Packaging & Specialty Products Segment
Revenue was $22.4 million, up 34.7% from $16.6
million for the corresponding quarter of 2022. The increase is
attributable to a $7.8 million contribution from the Paragraph
acquisition, while the activities of Graf-Pak have been integrated
into the pre-existing operations of the Company, and higher demand
for e-commerce packaging solutions. These factors were partially
offset by the wind down of the Durabox operations in 2022, lower
demand from certain sectors more closely correlated to economic
conditions and the residual effect on sales from the inefficiencies
from consolidating the folding carton operations in Lachine
concurrently with integrating acquisitions. Packaging &
Specialty Products represented 31.3% of the Company’s revenue in
the quarter, up from 26.6% during the equivalent period of last
year.
EBITDA2 and Adjusted
EBITDA2
EBITDA was $9.4 million, down from $13.9 million
in the second quarter of 2022. Adjusted EBITDA amounted to $9.6
million, compared to $13.9 million for the same period last year.

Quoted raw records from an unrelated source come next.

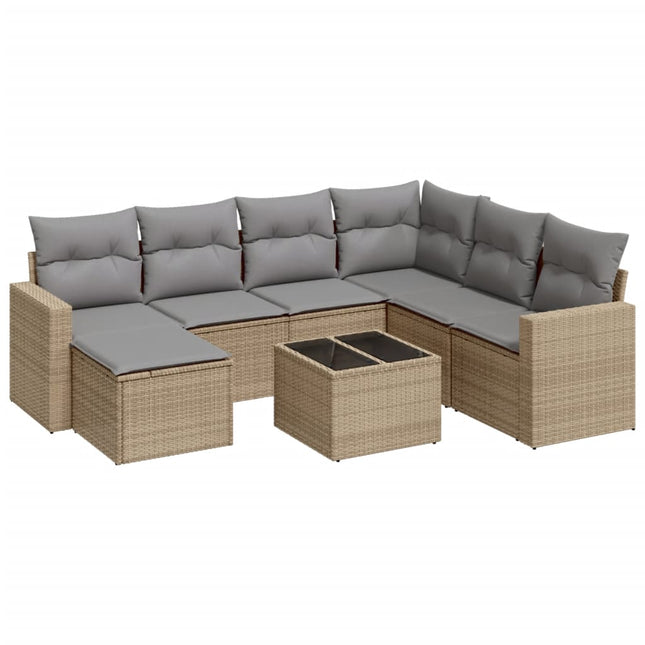 sofasæt til haven 8 dele med hynder polyrattan beige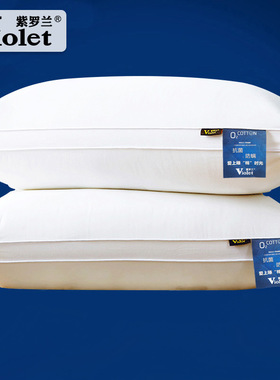 一对装紫罗兰全棉羽丝绒可水洗枕头枕芯夏护颈椎助睡眠酒店家用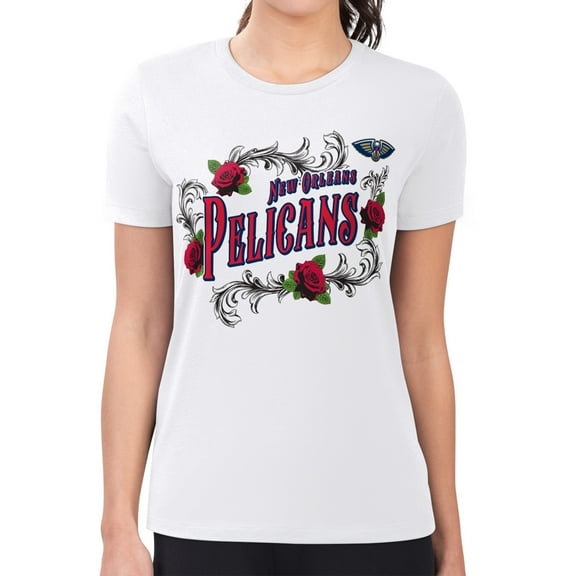 Women's G-III 4Her by Carl Banks White New Orleans Pelicans Super-Slim Fit Lightweight Roses Crew Neck T-Shirt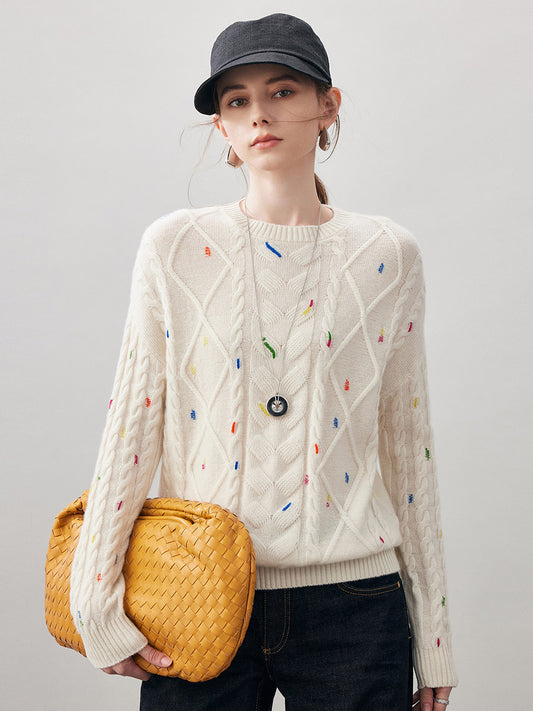 COMOBOCA Cloudy 100% Cashmere Women's Cable Knit Colorful Accents Sweater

The decrease reflects higher operating and selling, general and
administrative expenses. The Adjusted EBITDA margin was 13.3% of
revenue, compared to 22.3% in the equivalent quarter of 2022.
Envelope Segment
Adjusted EBITDA was $9.7 million, compared to
$11.6 million in the second quarter of 2022. This decrease
mainly reflects a lower volume of units sold following last year’s
over-ordering in a time of tight supply which negatively impacted
the absorption of fixed costs. On a percentage of segmented
revenue, Adjusted EBITDA from the envelope segment was 19.6%,
compared with 25.3% in the equivalent period of 2022.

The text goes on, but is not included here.